July 28, 2015

Deep Genomics applying Deep Learning AI to genomics

Deep learning is a type of artificial intelligence in which computers learn to identify and categorize patterns in huge data sets. A start-up, Deep Genomics, that thinks it can transform medicine by applying the hot field of deep learning to genomics.

Brendan Frey and his team would spin out of the University of Toronto and launch a start-up —Deep Genomics.

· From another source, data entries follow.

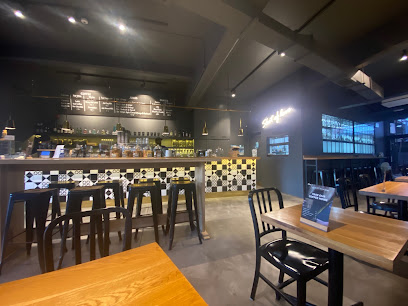 Bootlegger XS Salt River Halaal café interior with service counter, menu boards and seating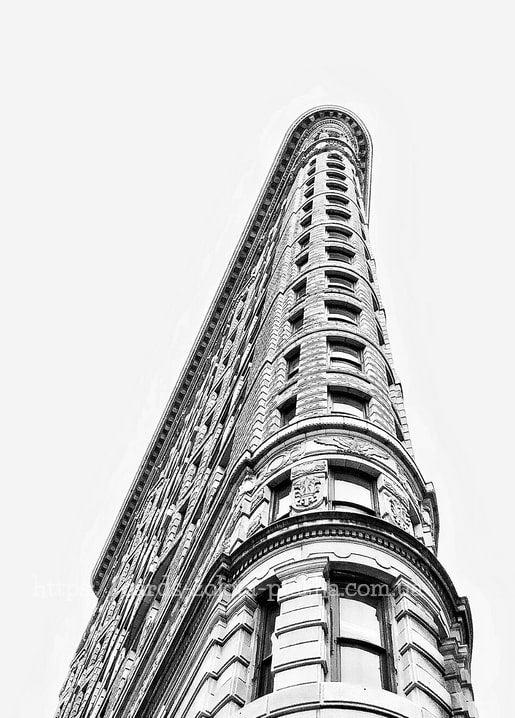 Low-angle black-and-white photo of the Flatiron Building's triangular facade against a bright sky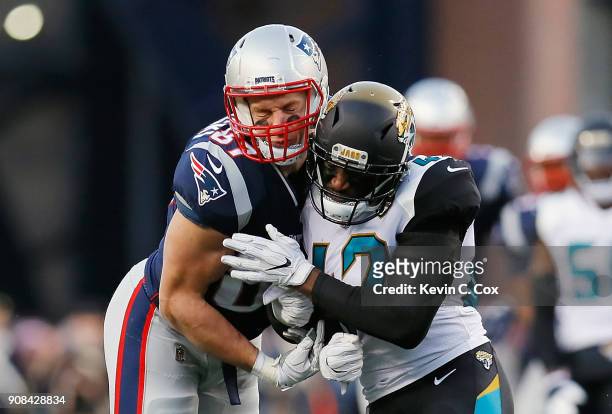 Rob Gronkowski of the New England Patriots is hit by Barry Church of the Jacksonville Jaguars in the second quarter during the AFC Championship Game...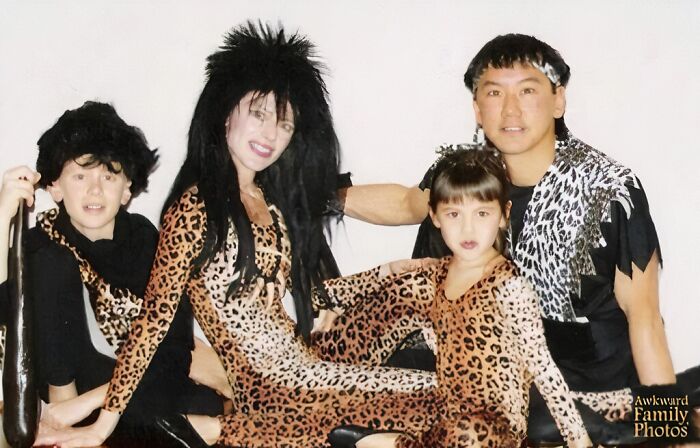 Family dressed in leopard print costumes posing awkwardly in a hilariously awkward family Christmas photo moment.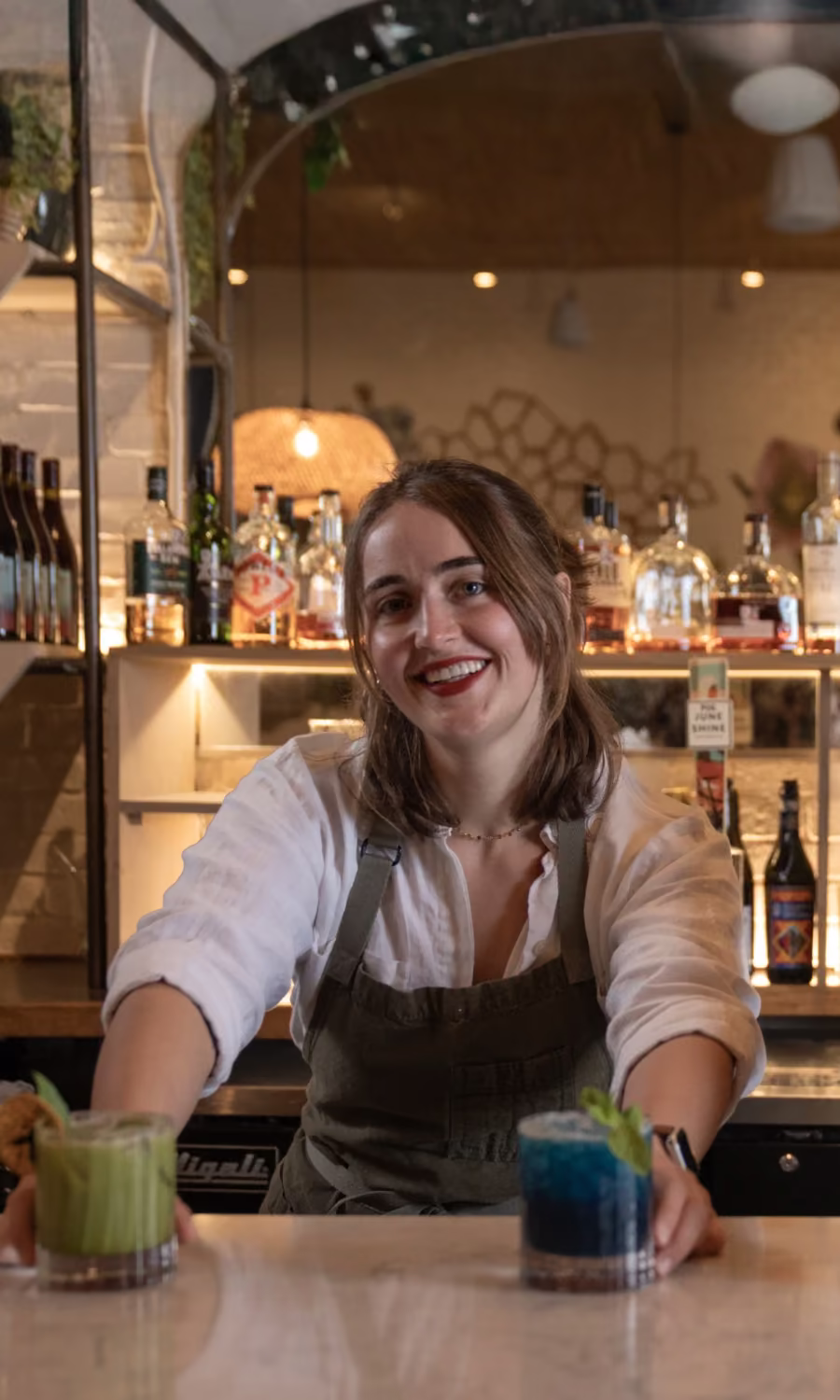 Bartenders preparing cocktails behind a bar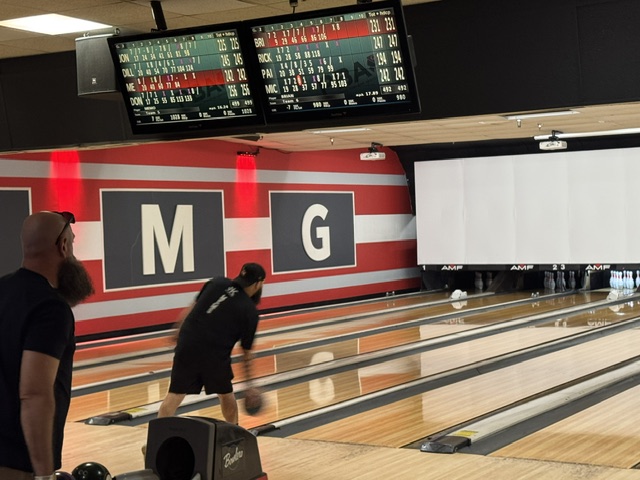 Bowler mid-approach beneath glowing tournament scoreboards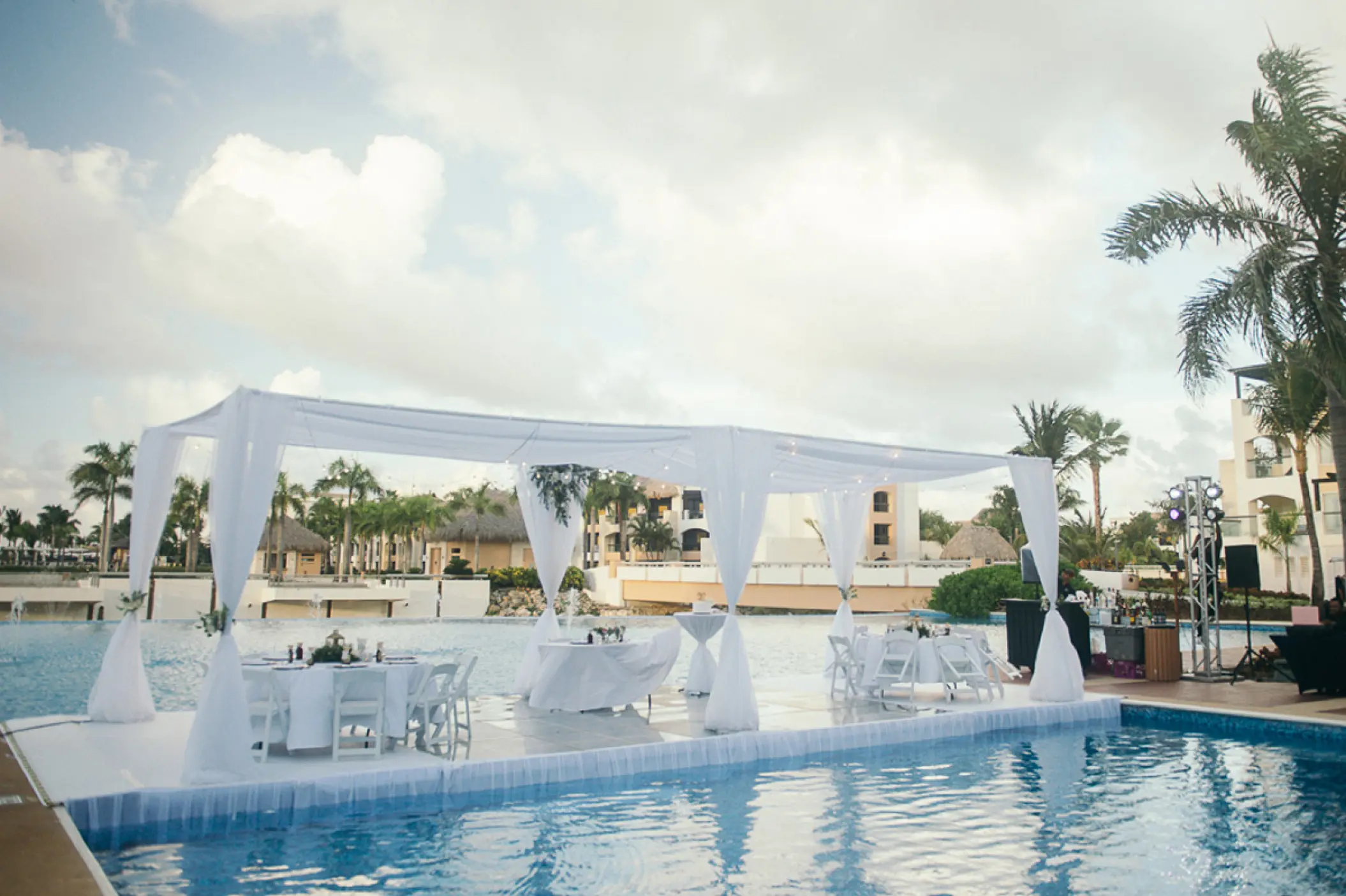 Outdoor wedding reception setup on a pool platform at Hard Rock Punta Cana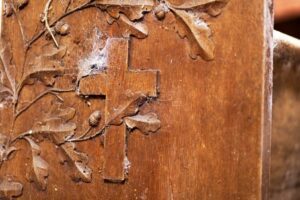 original pew designs with acorns, ivy, and olives. Courtesy of the Belmont Chapel Foundation.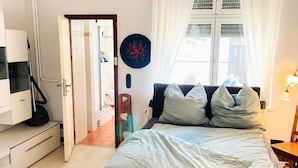A bedroom with a bed, a desk, a chair, a window with curtains, and a door leading to another room.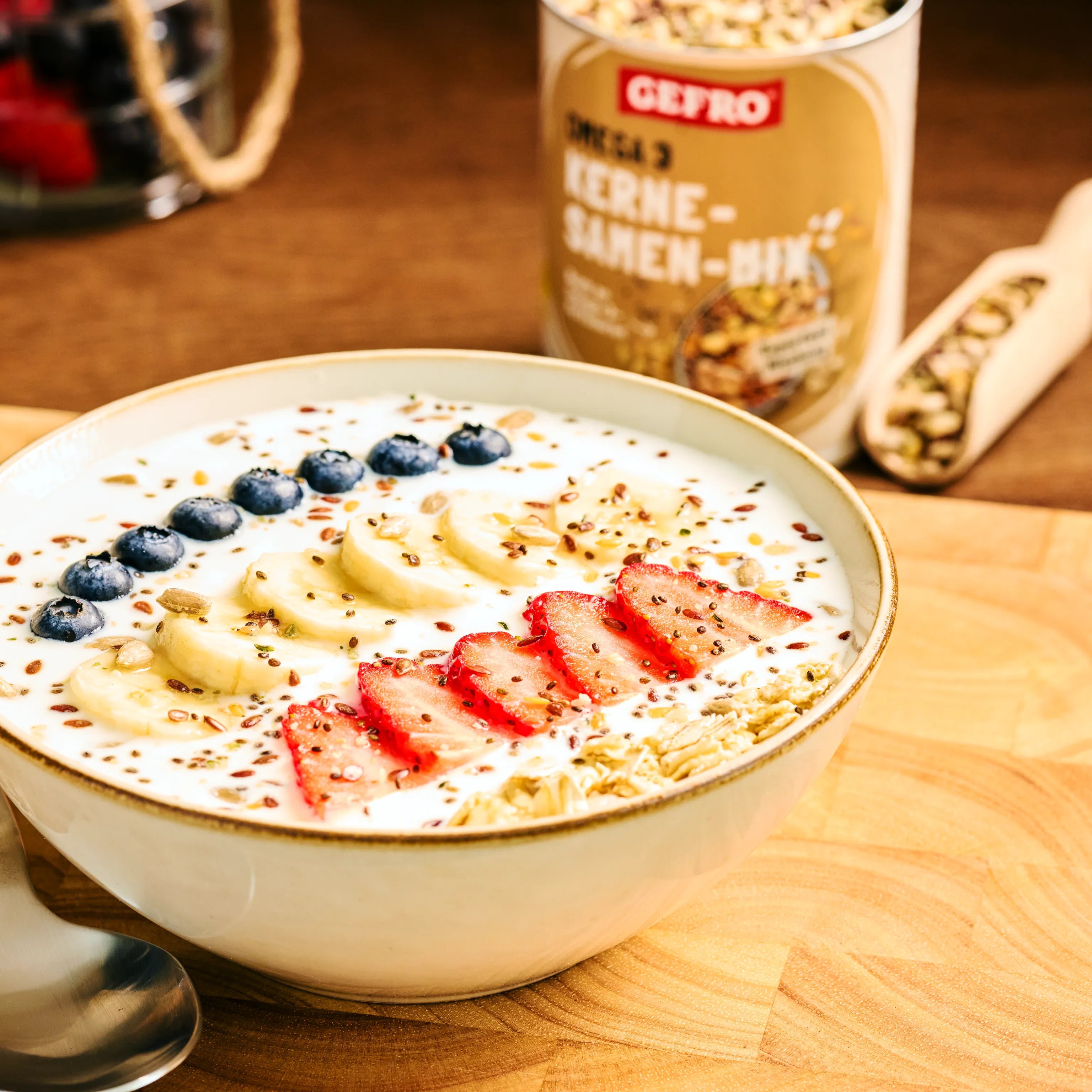 Schale mit Joghurt, Haferflocken, Banane, Erdbeeren, Blaubeeren und Saaten, dahinter Kerne-Samen-Mix von Gefro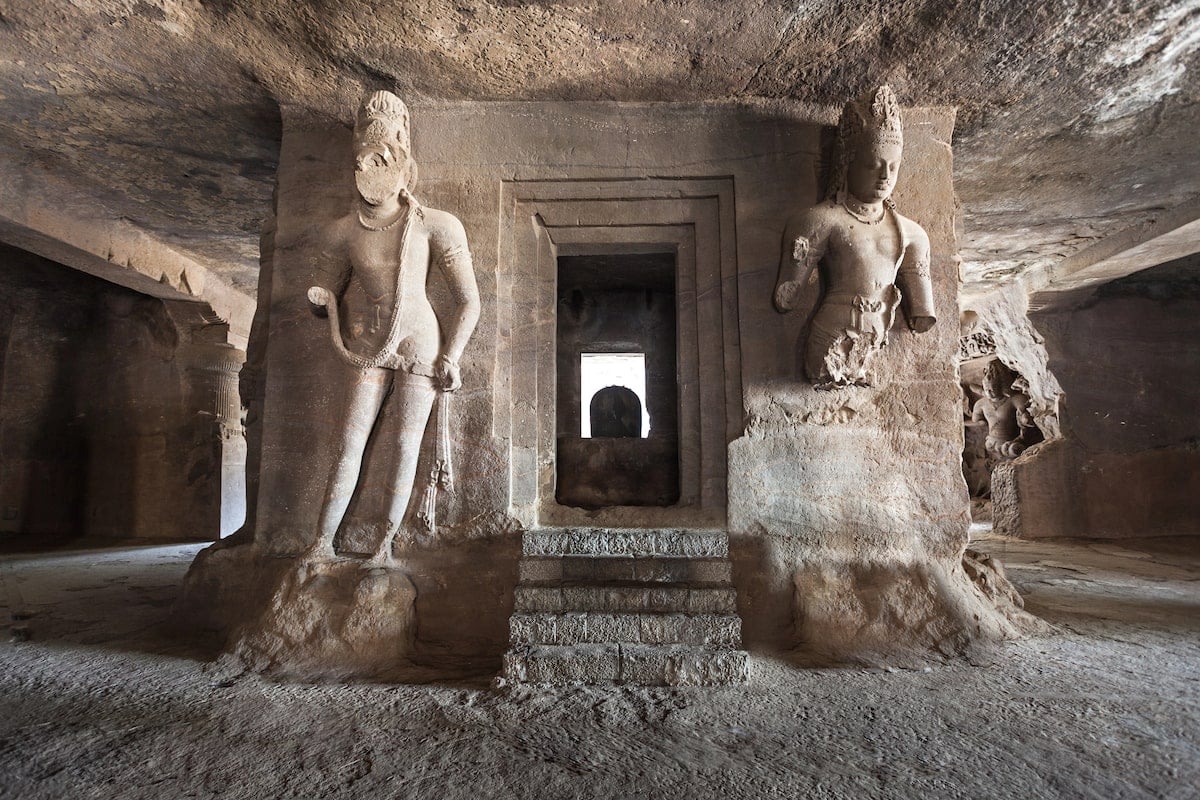 Intricately carved stone sculptures inside the Elephanta Caves in Mumbai, showcasing ancient Hindu deities and temple architecture, with a central doorway leading further into the historic rock-cut complex.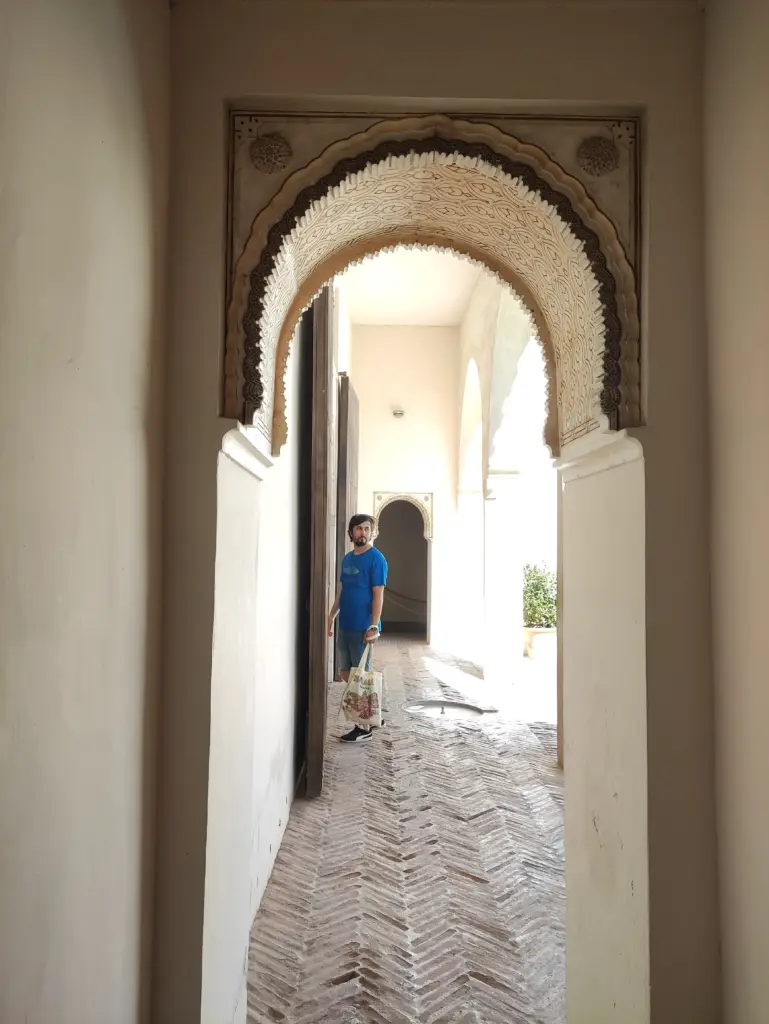 Ayal Othman standing beneath an ornate stone archway, reflecting exploration, architecture, and creative inspiration.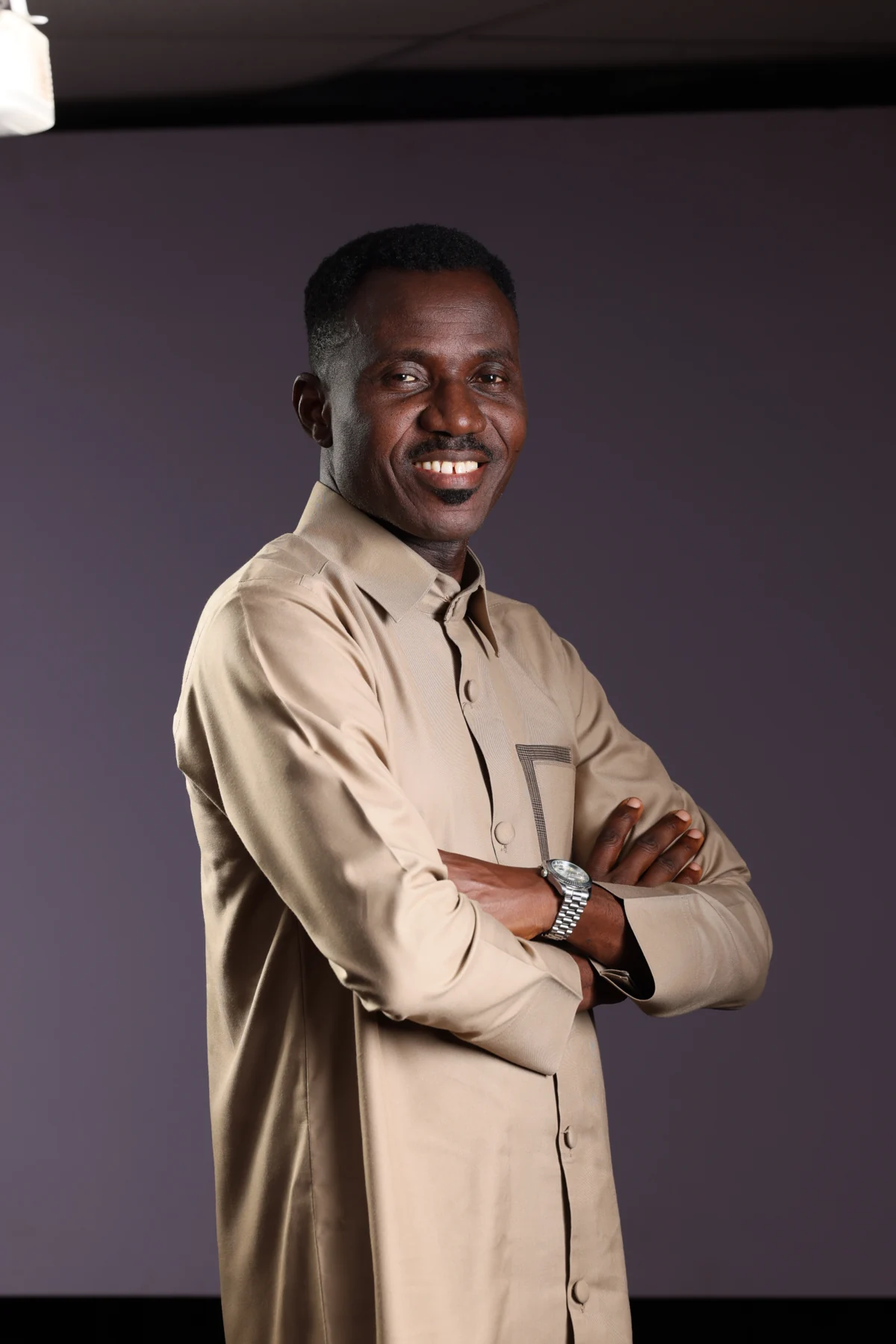 Kayode Braimoh smiling with his arms folded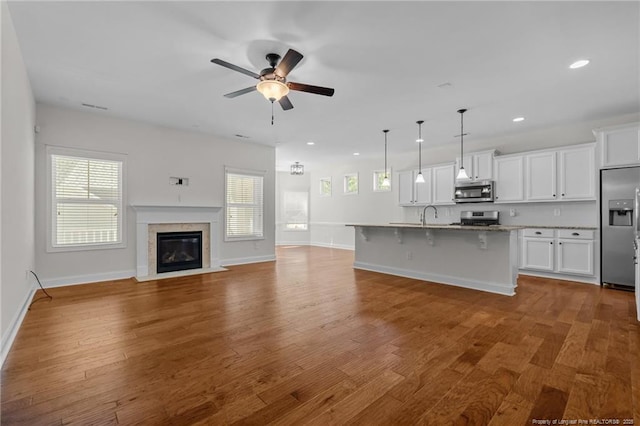 kitchen featuring open floor plan, appliances with stainless steel finishes, a kitchen breakfast bar, wood finished floors, and white cabinets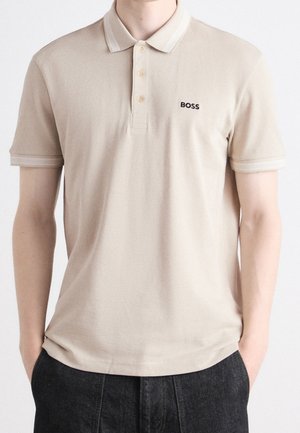 Beiges Polohemd mit kurzen Ärmeln, Kragen und Knöpfen, mit dem "BOSS"-Logo auf der linken Brust, getragen mit dunkler Hose.
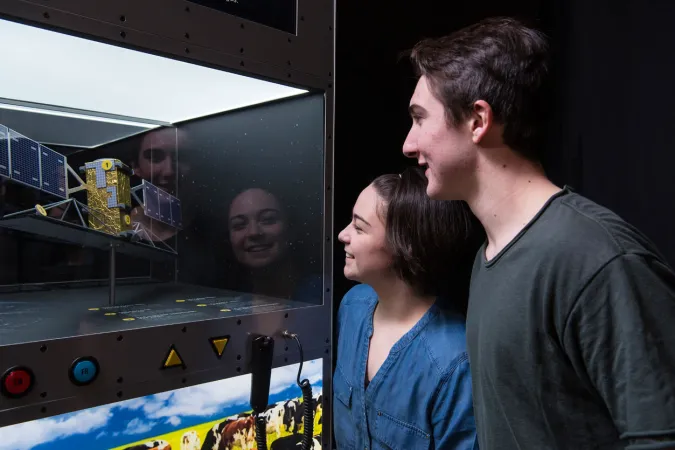 Deux personnes observent attentivement la maquette d’un satellite présenté dans la vitrine d’un module d’exposition.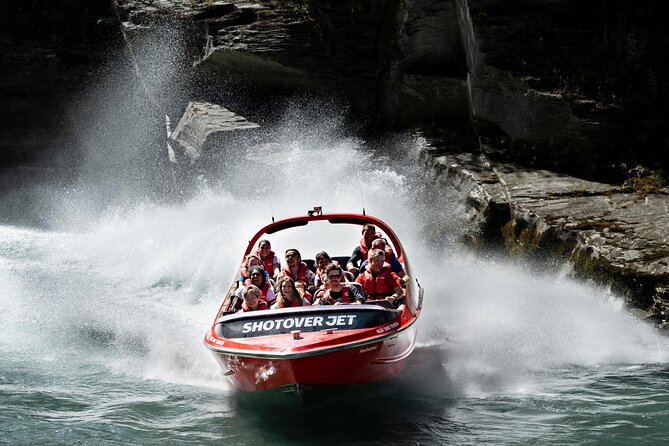 A speedboat under power off a limestone coast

Frey had gradually realized how rare his expertise in both deep learning and genetics was. Deep learning is currently a hot field in technology, but it’s a small one.

Much of the talent has passed through the University of Toronto’s deep learning group. For example, Yann LeCun now leads Facebook’s artificial intelligence research lab. Geoffrey Hinton, who Frey had worked on machine vision with, now works at Google. Yoshua Bengio is collaborating with IBM’s Watson group.

Deep Genomics will try to tap into the 98.5 percent of the genome that hasn't been studied closely for mutations and looks for the disease consequences of any mutations it finds.

The idea is to lay the foundation for computers to one day be in charge of predicting lab experiments and treatments and to guide drug development and personalized medicine – perhaps eventually reaching as low as your local doctor's office. This is really just the beginning. Deep Genomics technology is already finding commercial use in medical diagnostics and drug development.


A computational system mimics the biology of RNA splicing by correlating DNA elements with splicing levels in healthy human tissues. The system can scan DNA and identify damaging genetic variants, including those deep within introns. This procedure has led to insights into the genetics of autism, cancers, and spinal muscular atrophy.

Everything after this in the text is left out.